Chaves himself has been wavering, he used to try his best to be a " Yankee baiter" with his red beret and calling Saddam, Fidel et al. " my brother". He has since toned down his act and even supported the notion of a regime change in Iraq. His reward for this was a new contract for energy sales.
The administration clearly has never liked him but was willing to play ball with him to secure low oil prices in the event of a disruption or slow down of mid east oil. The strike has cut the supply line and I think that the administration olnly cares about ending the strike and that they are correct in saying that the easy way to end it would be to call early elections.
Chavez should call these elections because it would both end the strike and reelect him (unless the opposition shows some solidarity behind a candidate instead of against the incumbent.
I'd like to add that the US being behind the coup is risible. The coup ended so quickly because the US was very clear to the generals that it would not recognize any change in power that was not executed though legal channels.
What I'd do in Bush's shoes:
Keep quiet and wait it out. He can't influence it very well one way or the other and the strike is untenable. The strike will end one way or another and even if elections were called Chavez might still be in power and the problem would continue to exist.
Note: last time Chavez tempered his position, lets hope he does so again. Also hope an opposition candidate materializes.
Setanta, It's not only you that feels we have no effect on international or domestic politics, and the majority of us "bury our heads in the sand," to retain some sanity in our personal lives. c.i.
I've heard on the radio news this morning that the strike will continue. Craven points out the particularly difficult nature of this turmoil--no one with sufficient support to replace Chavez.

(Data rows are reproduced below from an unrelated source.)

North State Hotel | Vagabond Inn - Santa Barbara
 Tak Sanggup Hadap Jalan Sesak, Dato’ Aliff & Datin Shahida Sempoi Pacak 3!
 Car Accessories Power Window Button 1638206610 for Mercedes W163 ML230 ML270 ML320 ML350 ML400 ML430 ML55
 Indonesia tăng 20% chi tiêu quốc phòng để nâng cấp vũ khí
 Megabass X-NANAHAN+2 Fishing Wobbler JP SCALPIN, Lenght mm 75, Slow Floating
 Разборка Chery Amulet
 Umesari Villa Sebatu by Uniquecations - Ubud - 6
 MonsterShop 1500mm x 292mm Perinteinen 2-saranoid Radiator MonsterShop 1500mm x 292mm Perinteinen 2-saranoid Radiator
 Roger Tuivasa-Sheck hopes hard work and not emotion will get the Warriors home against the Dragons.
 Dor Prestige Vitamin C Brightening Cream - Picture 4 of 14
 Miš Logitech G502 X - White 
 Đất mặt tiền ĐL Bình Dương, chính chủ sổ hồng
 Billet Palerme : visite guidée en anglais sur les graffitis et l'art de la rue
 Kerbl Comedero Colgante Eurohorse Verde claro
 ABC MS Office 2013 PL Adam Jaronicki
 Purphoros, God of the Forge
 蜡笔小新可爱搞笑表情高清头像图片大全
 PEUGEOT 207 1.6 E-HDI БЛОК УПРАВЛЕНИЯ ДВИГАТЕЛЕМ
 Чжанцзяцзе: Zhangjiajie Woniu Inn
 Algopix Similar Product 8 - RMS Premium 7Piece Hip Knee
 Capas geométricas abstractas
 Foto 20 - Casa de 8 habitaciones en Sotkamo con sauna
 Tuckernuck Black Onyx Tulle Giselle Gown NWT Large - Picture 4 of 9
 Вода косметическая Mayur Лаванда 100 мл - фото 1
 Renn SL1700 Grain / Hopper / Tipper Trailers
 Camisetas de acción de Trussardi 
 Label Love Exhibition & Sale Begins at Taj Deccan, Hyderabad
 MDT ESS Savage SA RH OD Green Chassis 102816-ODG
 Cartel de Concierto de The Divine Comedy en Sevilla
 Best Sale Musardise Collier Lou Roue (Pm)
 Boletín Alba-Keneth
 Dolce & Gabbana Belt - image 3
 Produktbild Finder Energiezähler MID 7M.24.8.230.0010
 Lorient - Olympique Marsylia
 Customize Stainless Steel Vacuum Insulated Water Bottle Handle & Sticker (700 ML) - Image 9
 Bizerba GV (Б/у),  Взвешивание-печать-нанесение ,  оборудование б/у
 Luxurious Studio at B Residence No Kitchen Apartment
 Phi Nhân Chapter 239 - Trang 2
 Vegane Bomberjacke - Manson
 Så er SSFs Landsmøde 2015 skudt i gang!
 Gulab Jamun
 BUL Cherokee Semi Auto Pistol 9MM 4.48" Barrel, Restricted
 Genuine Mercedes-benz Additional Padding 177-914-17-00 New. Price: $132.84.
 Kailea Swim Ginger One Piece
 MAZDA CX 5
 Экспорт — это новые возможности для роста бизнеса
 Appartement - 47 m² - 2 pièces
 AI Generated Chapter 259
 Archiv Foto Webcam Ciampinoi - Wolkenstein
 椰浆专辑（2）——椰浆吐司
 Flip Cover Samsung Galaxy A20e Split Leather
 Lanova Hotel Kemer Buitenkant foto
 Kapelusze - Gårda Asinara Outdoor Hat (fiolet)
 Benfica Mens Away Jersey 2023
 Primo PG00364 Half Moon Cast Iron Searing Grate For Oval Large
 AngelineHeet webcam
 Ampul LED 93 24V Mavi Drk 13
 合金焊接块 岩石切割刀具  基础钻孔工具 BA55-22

I'd be willing to pay more for gasoline, and all other products (as the most of them are transported, at some stage in the process, by road), if it would mean that there could be peace and stability in Venezuela. I don't look for this to happen soon, saddly . . .
c.i.: In another thread just now, i expressed my frustration at being the citizen of what is touted as a democracy, but having no recourse to deter or deflect the policies of this administration. It is even more frustrating in that the "President" was elected by the Supreme Court (and i continue to assert that Cheney is the man in charge, not the Shrub)--difficult for me to see this joker as a "leader," and certainly not my leader.
Setanta, I have another take on the shrub. I think it's Rice and Powell who are directing the Bush puppet. c.i.
Powell is a bad director in that case, he rarely gets what he wants and only sometimes manages to temper the hardline opinions of the administration.
I don't think Bush is a puppet but if he were it certainly wouldn't be Powell pulling strings. Powell only gets to tug a string every now and then.
Craven, When Bush, Cheney and Rumsfeld first talked about the US war with Iraq, they all sounded like hawks. During the intervening months, Bush toned down his rhetoric, and now talks about not being quick to go to war. It's my HO that both Rice and Powell were responsible for that reversal on his tough talk of war. If it was up to Cheney and/or Rumsfeld, our troops would have already been in Baghdad. c.i.
You make a convincing argument, c.i. . . .
Can't argue there c.i.
But I'd not credit Rice. Maybe just Powell. But I'm of the opinion that Powells loses to the hawks more often (Mideast, Axis comment...).
The administration had decided after the problems of last April to keep its head down on Venezuela, supporting efforts by the Organization of American States to persuade the two sides to meet each other halfway. But last week, in a statement that State Department and Pentagon officials said emanated from the National Security Council with little advance consultation with anyone outside the White House, President Bush's spokesman Ari Fleischer announced that the United States backed a constitutional solution and believed the only way out of the crisis was "the holding of early elections."
That left many here and in Venezuela scratching their heads, since there is no direct provision in the Venezuelan constitution for presidential elections before Chavez's term ends in 2006. To some, Fleischer's statement was coded language supporting the opposition, whose more extreme elements have grown increasingly unconstitutional in their demands. Fleischer emerged again to explain that his remarks were an "umbrella statement" in which the constitution was also mentioned.
The incident seemed to cause more confusion and consternation than the suspicions of clandestine U.S. efforts to overthrow the Chavez government that arose during last April's aborted coup. Still, said a senior official outside the White House who works on the region, "Here we are again, with no credibility and everybody laughing at us."
These officials and others, along with Latin American diplomats and policy experts here, attributed the problem at least in part to too much attention paid to Iraq, and too little to the rest of the world. Latin America has suffered in particular from the syndrome, with little White House interest and no top-level official who has the time or energy to worry much about it.
dys, Your last paragraph is only one half (or one third) of this administrations problems. They also forgot about our and the world's economy. If we tack on their neglect of the environment, that makes them irresponsible as the only superpower left in this world. c.i.